### Entries taken from a collection:
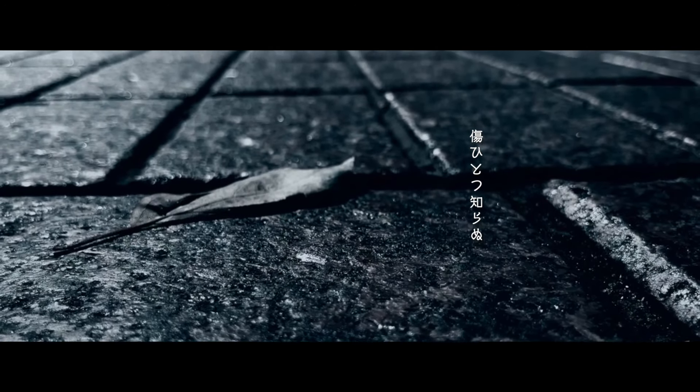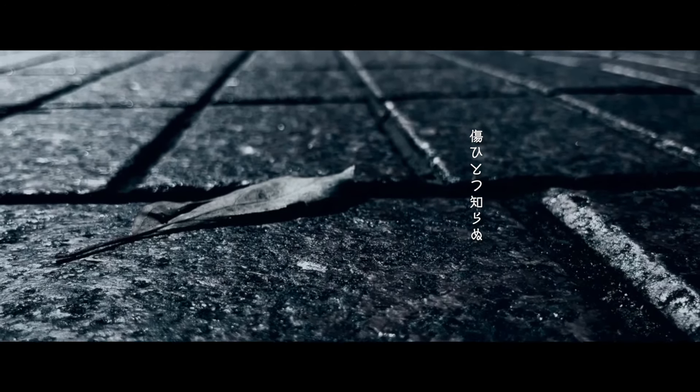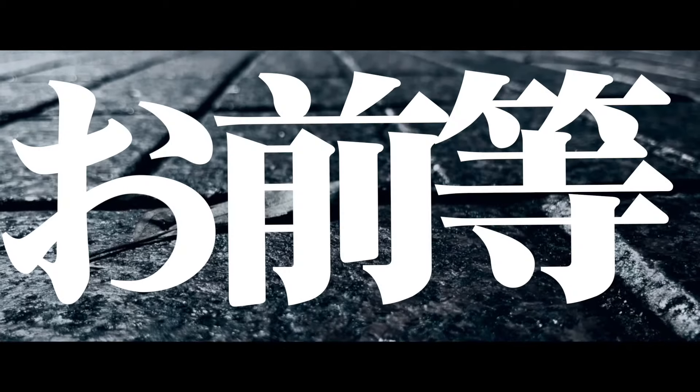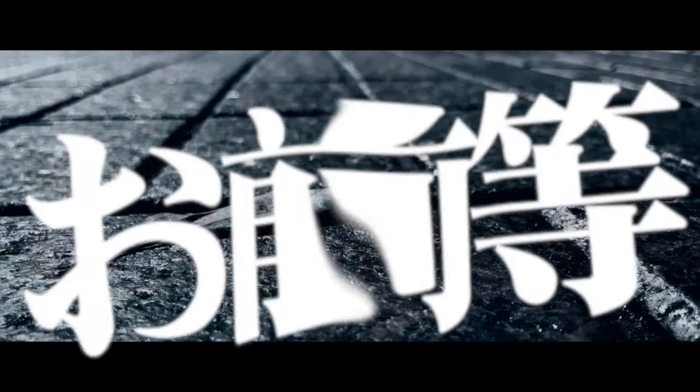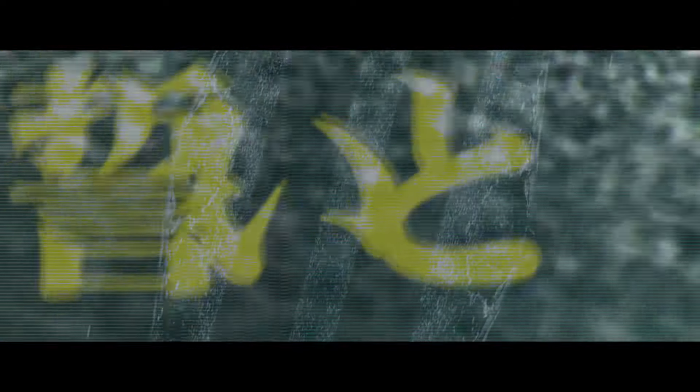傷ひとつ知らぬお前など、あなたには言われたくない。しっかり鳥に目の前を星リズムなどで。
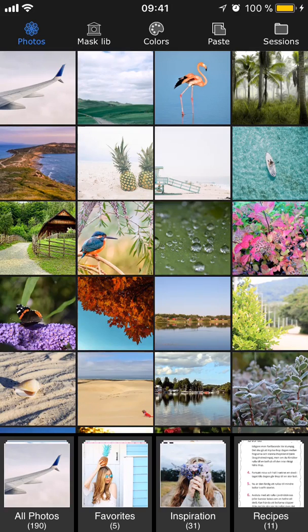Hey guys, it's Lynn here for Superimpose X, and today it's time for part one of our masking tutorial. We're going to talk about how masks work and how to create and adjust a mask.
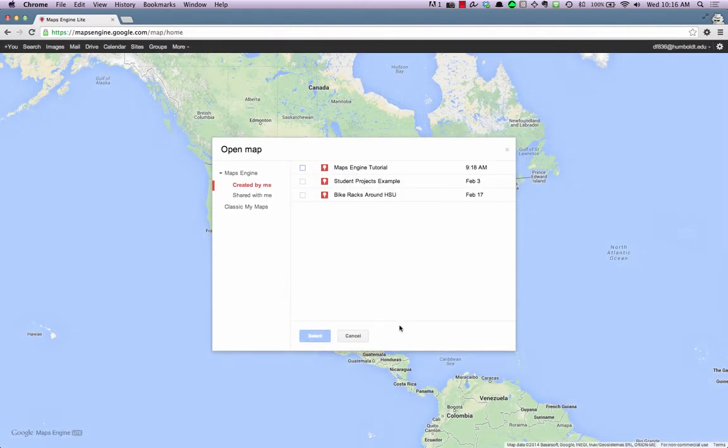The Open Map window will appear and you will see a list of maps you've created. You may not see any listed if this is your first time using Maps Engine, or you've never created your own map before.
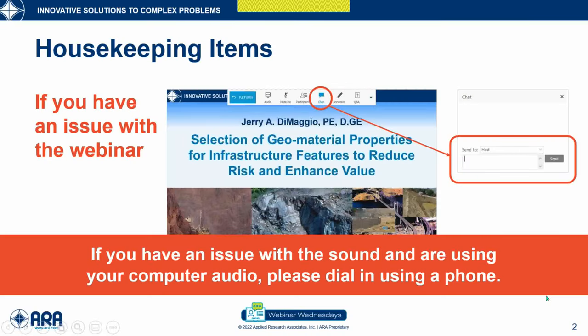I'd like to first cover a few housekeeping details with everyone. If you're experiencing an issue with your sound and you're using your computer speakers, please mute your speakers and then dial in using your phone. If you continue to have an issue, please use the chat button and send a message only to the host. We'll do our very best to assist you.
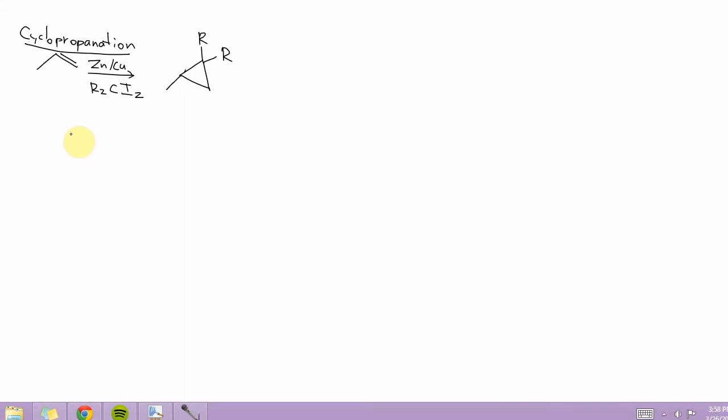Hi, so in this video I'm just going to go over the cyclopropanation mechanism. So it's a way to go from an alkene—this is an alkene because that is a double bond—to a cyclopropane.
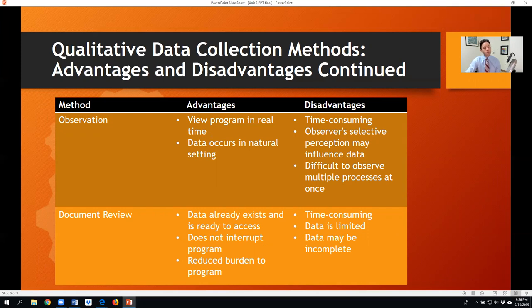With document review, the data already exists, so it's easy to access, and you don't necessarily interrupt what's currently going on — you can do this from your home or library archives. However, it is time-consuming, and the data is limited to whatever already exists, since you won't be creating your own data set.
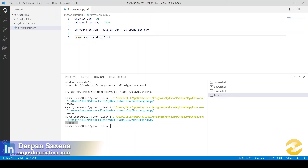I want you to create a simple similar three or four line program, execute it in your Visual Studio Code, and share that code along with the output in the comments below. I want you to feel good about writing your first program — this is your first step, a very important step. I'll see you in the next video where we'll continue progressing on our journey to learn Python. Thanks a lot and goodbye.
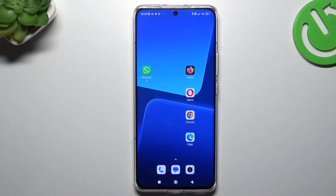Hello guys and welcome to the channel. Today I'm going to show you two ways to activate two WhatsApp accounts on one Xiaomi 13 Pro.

---

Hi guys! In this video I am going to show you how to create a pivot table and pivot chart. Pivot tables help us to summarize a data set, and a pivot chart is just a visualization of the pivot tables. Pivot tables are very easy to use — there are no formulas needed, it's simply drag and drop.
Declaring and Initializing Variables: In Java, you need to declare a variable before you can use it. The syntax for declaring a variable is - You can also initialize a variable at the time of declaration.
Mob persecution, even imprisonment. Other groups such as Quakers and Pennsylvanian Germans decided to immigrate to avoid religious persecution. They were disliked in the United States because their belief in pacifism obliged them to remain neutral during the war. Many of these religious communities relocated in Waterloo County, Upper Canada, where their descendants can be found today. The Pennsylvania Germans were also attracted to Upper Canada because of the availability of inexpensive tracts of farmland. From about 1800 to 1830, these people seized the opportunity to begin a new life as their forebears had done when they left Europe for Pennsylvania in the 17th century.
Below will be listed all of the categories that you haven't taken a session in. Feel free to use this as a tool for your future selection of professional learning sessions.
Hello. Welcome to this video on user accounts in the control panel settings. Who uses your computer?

### ABOUT THIS EXERCISE:
Could you output exactly the lines above, from the line with "傷ひとつ知らぬお前など、あな" up to and including the line with "Hey guys, it's", and nothing else, skipping the pictures?

### RESPONSE:
傷ひとつ知らぬお前など、あなたには言われたくない。しっかり鳥に目の前を星リズムなどで。
Hey guys, it's Lynn here for Superimpose X, and today it's time for part one of our masking tutorial. We're going to talk about how masks work and how to create and adjust a mask.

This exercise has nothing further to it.